### Task brief
Throughout the listing below, show every line in which "white" occurs.

### Supplied records
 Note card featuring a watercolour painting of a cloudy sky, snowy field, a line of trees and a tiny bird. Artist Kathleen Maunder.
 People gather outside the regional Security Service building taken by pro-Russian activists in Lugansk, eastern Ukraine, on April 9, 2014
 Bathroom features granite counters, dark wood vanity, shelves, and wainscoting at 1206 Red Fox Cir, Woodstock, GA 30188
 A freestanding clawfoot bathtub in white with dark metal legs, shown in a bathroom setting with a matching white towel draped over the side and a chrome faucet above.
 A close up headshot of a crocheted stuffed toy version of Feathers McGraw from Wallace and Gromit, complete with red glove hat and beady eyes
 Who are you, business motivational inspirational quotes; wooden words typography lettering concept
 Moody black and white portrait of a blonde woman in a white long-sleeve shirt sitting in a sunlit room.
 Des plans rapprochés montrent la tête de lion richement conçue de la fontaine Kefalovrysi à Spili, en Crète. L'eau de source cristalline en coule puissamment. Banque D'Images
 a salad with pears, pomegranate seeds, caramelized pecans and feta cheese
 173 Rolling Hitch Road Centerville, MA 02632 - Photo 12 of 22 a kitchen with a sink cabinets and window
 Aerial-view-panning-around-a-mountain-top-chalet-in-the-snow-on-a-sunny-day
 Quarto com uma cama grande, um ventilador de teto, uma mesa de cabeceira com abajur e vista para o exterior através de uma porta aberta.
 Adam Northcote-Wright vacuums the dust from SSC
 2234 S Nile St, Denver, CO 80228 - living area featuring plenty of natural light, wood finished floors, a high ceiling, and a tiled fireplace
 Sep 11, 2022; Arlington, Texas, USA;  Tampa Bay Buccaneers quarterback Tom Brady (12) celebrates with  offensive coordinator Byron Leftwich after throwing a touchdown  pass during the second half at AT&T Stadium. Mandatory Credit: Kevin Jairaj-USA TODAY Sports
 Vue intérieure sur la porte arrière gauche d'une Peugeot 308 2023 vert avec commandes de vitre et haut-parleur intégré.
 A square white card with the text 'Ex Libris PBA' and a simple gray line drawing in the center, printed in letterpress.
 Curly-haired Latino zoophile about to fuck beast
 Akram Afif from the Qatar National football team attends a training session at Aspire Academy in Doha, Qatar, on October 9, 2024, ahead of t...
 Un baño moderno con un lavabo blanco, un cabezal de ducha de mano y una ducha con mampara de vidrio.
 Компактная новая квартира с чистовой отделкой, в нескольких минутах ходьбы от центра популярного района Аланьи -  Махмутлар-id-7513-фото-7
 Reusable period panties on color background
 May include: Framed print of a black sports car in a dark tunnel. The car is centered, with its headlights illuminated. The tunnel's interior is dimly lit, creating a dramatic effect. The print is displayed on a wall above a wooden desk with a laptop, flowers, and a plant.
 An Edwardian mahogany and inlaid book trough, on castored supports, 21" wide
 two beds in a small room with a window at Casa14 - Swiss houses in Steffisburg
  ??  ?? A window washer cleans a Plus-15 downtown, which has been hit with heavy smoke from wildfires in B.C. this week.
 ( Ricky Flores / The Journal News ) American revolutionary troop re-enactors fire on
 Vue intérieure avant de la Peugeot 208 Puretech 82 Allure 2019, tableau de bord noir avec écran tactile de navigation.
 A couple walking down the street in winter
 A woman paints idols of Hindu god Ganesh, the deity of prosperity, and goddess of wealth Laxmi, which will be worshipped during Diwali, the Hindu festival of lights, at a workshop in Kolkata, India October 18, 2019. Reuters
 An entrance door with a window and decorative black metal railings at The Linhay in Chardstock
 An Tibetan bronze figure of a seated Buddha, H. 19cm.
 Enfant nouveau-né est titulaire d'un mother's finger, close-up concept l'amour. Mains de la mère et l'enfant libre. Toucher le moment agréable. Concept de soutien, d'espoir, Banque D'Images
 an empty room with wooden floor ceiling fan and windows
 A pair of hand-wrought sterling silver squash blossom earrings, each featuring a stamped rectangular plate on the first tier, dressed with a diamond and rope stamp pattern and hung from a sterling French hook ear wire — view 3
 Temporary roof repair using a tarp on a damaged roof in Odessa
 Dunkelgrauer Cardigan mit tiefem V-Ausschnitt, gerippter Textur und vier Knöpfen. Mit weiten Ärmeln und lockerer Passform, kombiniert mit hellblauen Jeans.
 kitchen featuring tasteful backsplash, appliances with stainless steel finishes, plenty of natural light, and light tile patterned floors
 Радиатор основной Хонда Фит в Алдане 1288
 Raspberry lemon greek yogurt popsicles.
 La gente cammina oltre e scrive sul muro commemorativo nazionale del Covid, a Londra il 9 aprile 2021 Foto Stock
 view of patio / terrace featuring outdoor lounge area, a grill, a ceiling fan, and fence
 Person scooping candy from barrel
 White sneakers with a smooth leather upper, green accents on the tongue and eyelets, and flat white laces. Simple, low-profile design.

### Task result
 A freestanding clawfoot bathtub in white with dark metal legs, shown in a bathroom setting with a matching white towel draped over the side and a chrome faucet above.
 Moody black and white portrait of a blonde woman in a white long-sleeve shirt sitting in a sunlit room.
 A square white card with the text 'Ex Libris PBA' and a simple gray line drawing in the center, printed in letterpress.
 White sneakers with a smooth leather upper, green accents on the tongue and eyelets, and flat white laces. Simple, low-profile design.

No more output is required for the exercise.